Long ago, when I used to read a lot of poetry, I came across a compendium by a poet named Barry Gifford entitled, "Ghosts No Horse Can Carry." In that book he had a section of poems devoted to the Native trickster character, Coyote. One poem featured Jesus along with Coyote and I thought, "What a great idea!" But I was disappointed by the poem. So, in the ignorant, time-honored tradition of writers down thru the ages, I thought, "I can do better than that."

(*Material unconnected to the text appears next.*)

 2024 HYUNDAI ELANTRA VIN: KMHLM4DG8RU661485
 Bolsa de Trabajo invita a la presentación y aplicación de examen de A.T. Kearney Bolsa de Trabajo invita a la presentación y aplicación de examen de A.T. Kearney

One night when I was really tired and about to turn in, this poem showed up. In fact, it came down the pipes so fast I could barely get one line written before the next line came rolling through. I scribbled it down in probably 2-3 minutes flat. Then I had to go back and re-read it because I had absolutely no idea what it said. To my surprise, the poem read back v-e-r-y s-l-0-w-l-y.
The first line of Barry Gifford's poem had inspired my version. Try as I may, I couldn't seem to improve upon it so decided to keep it as it was. Reading local poetry journals in Seattle (there was a long-standing journal called "Poetry Northwest"), I would occasionally see a poem with the title, "Poem with a first line by..." so I gathered that it was okay to be inspired by another poet's line as long as you made the attribution in the title. Hence, this is a "Poem With A First Line by Barry Gifford."
Jesus found Coyote
clinging by his nails
to a precipice.
Fetched him up
in one strong motion.
Fed him milk
by the campfire.
Looked
the other way
when Coyote stole
the best rabbit
steak.
Judas complained,
"You always do that!
Why'd you save
that mangy dog?
There's already no
end of trouble
in this world."
"Lucifer's lonely,"
Jesus replied.
Judas
dropped his jaw
lurched up
said, "I'm
outta here!"
Bolted into
the black.
Coyote
chewed rabbit fat
and thought,
"It's no fault
of the sun
that it casts
so many
shadows"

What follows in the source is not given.